Trump administration policies have also made student visas harder and more expensive to get, which is surely also depressing applications from overseas. (Because legal systems vary from country to country, U.S. law schools haven’t been nearly as big a magnet for foreign students as business schools are, and thus haven’t been affected as much by these changes.)
Still, Trump can’t be the only reason MBA applications are down, given that master’s programs in business had stopped growing well before his presidency seemed even conceivable.
The number of people getting undergraduate business degrees has risen this decade even as master’s programs have flat-lined. Within master’s programs there’s also been a significant shift, according to the Association to Advance Collegiate Schools of Business, with the MBA and other generalist degrees (such as “master of management” degrees) losing ground to specialized degrees in accounting, finance, data analytics, and the like.
What’s driving these changes? Worries about debt loads and employability seem to be pushing more students into undergraduate business majors (versus, say, the liberal arts), which may reduce subsequent demand for MBAs.
Increasing job-market demand for specific skills, enhanced by automated applicant-screening methods that sift for those skills on resumes and LinkedIn profiles, has shifted demand away from generalist programs.
The strong job market of the past few years may be reducing the willingness of would-be MBA students to take two years out of their careers. Then there’s the increasing availability of alternatives that don’t require a career break: Virginia Tech, Wake Forest University, the University of Iowa and the University of Illinois, among others, have ditched their full-time MBA programs, with the latter two opting to focus instead on online MBAs.
None of that can be blamed on Trump, and none of it is necessarily a bad thing. But at least part of the decline in foreign applications can be and might be. What long-run effect could this have?

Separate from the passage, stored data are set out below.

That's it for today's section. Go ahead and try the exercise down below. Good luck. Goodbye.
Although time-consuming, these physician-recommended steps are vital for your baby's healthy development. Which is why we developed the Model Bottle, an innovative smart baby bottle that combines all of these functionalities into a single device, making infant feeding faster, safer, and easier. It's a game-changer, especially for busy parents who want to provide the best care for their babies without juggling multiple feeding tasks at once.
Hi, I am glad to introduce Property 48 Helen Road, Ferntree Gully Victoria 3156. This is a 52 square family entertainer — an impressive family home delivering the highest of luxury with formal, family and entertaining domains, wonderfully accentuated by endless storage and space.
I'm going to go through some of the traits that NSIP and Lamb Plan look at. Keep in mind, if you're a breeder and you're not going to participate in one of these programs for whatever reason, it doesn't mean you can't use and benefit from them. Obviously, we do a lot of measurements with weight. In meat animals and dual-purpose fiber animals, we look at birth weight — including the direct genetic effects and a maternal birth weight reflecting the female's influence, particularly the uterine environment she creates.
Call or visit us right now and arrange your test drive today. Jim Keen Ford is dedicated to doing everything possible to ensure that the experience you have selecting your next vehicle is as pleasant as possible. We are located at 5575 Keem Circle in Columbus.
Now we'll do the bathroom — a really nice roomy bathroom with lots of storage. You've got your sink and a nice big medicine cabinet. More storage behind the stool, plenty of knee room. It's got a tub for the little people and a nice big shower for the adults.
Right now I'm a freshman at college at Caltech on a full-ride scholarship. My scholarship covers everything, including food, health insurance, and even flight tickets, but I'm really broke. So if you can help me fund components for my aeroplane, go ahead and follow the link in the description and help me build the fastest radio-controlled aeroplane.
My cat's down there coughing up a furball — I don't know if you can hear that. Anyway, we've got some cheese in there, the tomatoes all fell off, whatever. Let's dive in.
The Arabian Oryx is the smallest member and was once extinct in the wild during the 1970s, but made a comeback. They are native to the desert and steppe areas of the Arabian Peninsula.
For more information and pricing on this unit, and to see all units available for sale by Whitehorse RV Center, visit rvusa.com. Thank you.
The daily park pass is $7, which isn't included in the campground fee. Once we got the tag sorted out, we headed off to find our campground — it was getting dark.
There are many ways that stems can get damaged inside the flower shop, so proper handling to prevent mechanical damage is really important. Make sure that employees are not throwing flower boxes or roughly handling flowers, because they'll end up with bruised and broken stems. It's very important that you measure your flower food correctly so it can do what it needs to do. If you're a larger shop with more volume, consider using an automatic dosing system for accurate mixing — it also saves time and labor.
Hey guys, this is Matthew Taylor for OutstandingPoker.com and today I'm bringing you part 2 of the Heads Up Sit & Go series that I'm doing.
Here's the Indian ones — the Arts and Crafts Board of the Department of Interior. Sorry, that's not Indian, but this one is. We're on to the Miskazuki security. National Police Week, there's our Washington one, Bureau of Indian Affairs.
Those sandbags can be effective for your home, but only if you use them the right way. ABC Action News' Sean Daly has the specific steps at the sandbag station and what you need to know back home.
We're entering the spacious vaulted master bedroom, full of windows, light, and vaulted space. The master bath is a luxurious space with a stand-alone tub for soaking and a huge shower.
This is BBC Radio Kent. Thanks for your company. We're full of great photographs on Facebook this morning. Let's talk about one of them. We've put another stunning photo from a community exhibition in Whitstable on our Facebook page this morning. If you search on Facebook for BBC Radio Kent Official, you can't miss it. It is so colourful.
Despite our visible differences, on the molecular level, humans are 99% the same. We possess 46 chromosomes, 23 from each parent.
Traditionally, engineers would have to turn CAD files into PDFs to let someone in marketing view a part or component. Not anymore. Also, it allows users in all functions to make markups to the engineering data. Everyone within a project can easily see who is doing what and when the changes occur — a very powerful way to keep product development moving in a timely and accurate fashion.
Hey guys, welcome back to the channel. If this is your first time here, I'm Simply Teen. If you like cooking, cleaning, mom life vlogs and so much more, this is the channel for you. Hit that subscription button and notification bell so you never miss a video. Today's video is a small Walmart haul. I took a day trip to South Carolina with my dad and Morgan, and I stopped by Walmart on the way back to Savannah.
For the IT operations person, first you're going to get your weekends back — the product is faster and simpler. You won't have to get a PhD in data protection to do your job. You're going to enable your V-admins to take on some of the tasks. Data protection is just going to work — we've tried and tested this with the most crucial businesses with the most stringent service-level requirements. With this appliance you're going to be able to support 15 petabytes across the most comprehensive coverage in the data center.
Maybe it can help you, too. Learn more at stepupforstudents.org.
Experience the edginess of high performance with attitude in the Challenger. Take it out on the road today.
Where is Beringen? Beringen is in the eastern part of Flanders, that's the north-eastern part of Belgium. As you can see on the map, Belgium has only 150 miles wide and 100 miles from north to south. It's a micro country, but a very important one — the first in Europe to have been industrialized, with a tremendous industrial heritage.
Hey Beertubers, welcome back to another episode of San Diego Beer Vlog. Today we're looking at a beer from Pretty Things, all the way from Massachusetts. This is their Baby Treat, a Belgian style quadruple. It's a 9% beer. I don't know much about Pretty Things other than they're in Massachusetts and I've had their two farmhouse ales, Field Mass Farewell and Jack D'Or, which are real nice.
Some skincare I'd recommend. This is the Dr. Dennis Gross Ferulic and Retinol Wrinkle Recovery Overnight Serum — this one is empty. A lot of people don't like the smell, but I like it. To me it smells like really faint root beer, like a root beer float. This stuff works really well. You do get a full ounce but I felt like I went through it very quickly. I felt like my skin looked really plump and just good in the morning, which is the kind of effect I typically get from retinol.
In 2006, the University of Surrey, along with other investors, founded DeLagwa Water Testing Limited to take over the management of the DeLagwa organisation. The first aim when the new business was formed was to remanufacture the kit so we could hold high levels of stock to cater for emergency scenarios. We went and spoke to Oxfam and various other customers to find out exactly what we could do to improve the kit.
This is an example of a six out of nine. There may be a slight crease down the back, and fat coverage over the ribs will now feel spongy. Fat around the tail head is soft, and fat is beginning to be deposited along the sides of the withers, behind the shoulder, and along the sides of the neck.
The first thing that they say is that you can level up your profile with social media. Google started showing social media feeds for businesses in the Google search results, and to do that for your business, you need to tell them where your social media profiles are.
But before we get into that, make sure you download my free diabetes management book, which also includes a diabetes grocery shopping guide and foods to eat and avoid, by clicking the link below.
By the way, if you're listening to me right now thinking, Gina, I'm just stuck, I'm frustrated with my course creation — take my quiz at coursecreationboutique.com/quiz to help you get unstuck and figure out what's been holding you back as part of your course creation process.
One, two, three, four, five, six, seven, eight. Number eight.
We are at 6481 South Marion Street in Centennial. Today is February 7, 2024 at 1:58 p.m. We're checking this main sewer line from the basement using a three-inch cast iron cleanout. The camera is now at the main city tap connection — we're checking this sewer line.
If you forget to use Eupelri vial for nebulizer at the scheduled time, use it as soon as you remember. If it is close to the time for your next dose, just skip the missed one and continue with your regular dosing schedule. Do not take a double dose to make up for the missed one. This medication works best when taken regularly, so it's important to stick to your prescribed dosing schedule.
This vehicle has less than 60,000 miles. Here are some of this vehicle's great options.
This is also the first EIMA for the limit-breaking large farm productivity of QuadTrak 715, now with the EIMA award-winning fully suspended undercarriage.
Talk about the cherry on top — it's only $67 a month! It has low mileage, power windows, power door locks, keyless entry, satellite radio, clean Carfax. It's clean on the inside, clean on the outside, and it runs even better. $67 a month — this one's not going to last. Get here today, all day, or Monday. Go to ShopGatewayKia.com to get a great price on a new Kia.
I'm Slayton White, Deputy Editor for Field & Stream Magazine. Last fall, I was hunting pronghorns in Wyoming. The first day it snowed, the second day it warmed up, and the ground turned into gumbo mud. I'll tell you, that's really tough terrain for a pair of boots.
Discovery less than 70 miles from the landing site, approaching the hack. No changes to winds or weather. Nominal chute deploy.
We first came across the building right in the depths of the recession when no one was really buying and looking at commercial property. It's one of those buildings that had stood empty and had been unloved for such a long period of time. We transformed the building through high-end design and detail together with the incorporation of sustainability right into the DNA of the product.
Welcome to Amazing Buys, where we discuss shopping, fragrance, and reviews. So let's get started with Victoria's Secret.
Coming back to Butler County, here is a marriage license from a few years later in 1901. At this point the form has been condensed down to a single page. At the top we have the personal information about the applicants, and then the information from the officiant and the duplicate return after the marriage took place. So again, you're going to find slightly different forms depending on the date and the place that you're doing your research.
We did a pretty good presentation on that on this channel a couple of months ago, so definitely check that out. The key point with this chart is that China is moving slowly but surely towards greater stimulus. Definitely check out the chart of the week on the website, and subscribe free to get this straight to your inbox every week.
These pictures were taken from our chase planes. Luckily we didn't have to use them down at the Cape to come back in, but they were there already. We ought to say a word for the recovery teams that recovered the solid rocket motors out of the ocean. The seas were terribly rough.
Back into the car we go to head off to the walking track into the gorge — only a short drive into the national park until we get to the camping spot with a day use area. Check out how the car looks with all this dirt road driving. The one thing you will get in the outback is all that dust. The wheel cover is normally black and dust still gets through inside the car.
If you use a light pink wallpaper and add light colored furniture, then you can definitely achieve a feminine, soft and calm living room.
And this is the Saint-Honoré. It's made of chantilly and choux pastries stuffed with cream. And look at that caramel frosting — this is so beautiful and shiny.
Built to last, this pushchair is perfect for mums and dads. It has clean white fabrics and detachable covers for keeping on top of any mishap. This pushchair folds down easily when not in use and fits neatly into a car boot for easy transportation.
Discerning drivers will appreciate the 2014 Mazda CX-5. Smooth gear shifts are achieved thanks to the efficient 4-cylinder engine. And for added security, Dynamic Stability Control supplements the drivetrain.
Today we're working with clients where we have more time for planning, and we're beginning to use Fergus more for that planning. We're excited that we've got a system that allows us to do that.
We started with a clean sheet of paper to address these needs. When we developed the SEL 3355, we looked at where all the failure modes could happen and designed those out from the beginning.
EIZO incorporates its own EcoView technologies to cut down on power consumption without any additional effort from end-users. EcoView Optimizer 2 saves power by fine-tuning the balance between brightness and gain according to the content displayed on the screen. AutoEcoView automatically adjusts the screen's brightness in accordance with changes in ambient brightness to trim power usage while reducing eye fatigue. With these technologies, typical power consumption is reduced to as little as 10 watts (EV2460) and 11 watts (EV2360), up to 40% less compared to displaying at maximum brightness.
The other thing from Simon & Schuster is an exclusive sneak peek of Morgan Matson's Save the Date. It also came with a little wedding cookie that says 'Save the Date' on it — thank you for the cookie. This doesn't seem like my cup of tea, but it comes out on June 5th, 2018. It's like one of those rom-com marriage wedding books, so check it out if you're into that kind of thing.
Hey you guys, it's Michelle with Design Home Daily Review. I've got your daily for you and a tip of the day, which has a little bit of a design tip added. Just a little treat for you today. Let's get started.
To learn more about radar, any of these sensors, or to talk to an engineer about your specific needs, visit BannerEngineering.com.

Well, the chief executive officer of the most valuable publicly traded corporation in the U.S. (and the world), Microsoft Corp.’s Satya Nadella, is a foreign-born recipient of a U.S. MBA, as is Sundar Pichai, the CEO of Google, which makes all the money for fourth-most-valuable Alphabet Inc. And while Nadella and Pichai originally came to the U.S. to study engineering and got their MBAs later, Ajit Jain, head of the all-important insurance arm of Berkshire Hathaway Inc., came to the U.S. for the MBA.
These are just a few examples culled from the top of the market-cap rankings, but they indicate that reducing the number of foreign students coming to the U.S. for MBAs and other graduate degrees might noticeably cut into the future talent pool of U.S.-based business.